Il faut avouer qu’il y a eu quelques réussites quand même : le métachercheur Copernic, invention québécoise, a quand même refusé les offres d’achat de Microsoft ! Mais ce moteur se repose sur les autres moteurs déjà établis sur Internet. Une présentation plus efficace, mais rien de vraiment nouveau.

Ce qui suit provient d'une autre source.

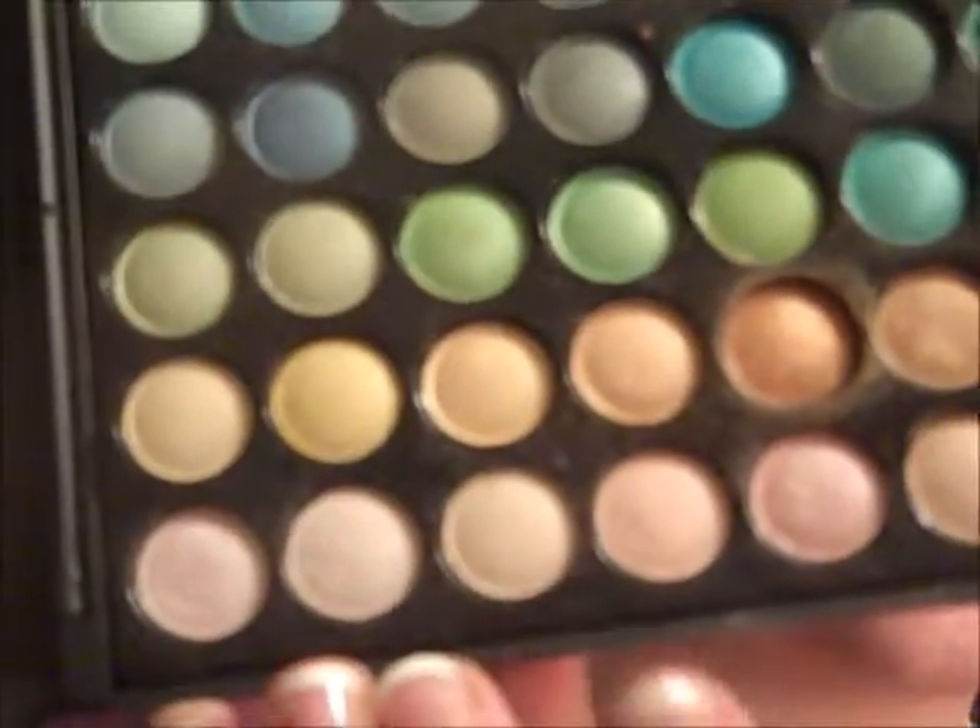Now that the eyeliner is done, I'm going to zoom back out and use the pencil brush, E30 from Sigma. I'm going into this kind of gold-based white shimmery color, and I'm just going to use that on my brow bone and my inner tear duct.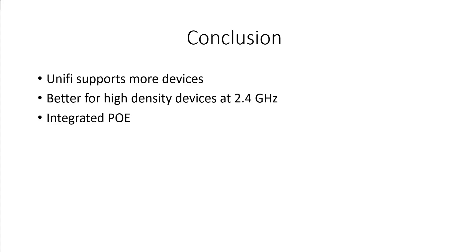In conclusion, I've gone for the UniFi kit for three reasons: it supports more devices since I keep adding them all the time; it's better for high-density 2.4 GHz clients with my legacy crypto kit; and most importantly it has integrated power over Ethernet, so I can integrate my CCTV kit into the Ubiquiti system and get rid of separate individual power injectors. Now let's unbox the Ubiquiti kit — the Dreambox SE and the U6 Enterprise Access Point.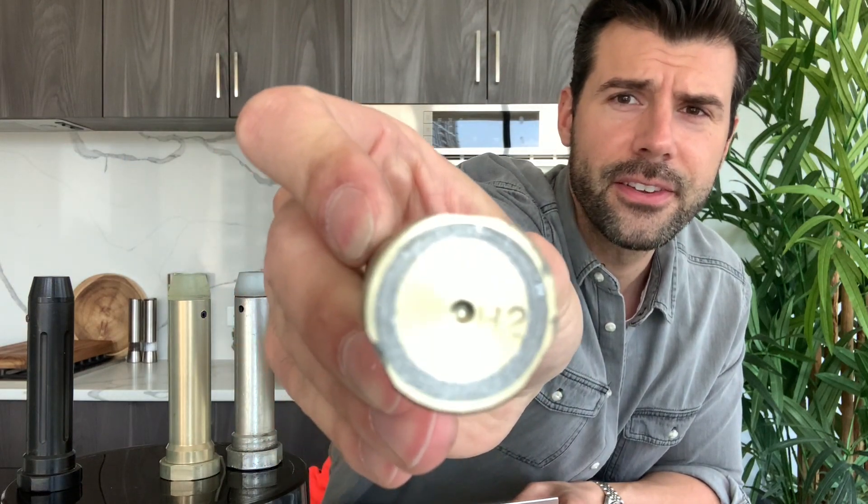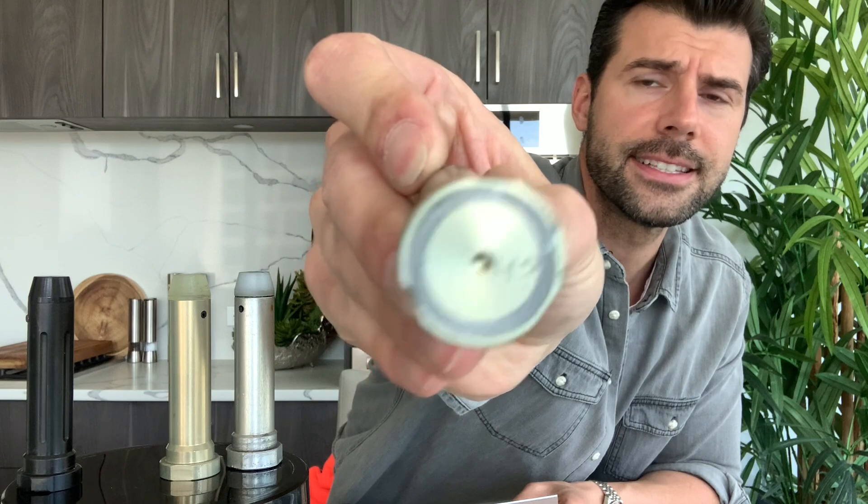The difference between all of these buffers is buffer weight. The first one, the ViperTech, is 50 grams, which is 1.7 ounces. Then the next one is a normal one, which you get with every AR — the standard is 82 grams, which is 2.8 ounces. Then we go to the heavier one marked H2. The H2 are even heavier.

Mais rien de présageait la réussite fulgurante d’un petit projet de doctorat à Stanford. Larry Page et Sergey Brin avaient mis au point en 1998 un moteur de recherche (BackRub) dont la technologie ne reposait plus sur les simples mots clefs mais sur la popularité d’un site et le nombre de liens qui y sont dirigés.
De plus, leur page principale n’est pas enguirlandée de publicités et de bannière. Au contraire, la publicité chez google est discrète, les résultats de recherche par contre ne sont pas influencés du tout. Une révolution !
Résultat ? Google est devenu un des moteurs de recherche le plus efficace et le plus populaire du web en quelques années sans avoir fait de campagne de presse ni de promotion. Chapeau !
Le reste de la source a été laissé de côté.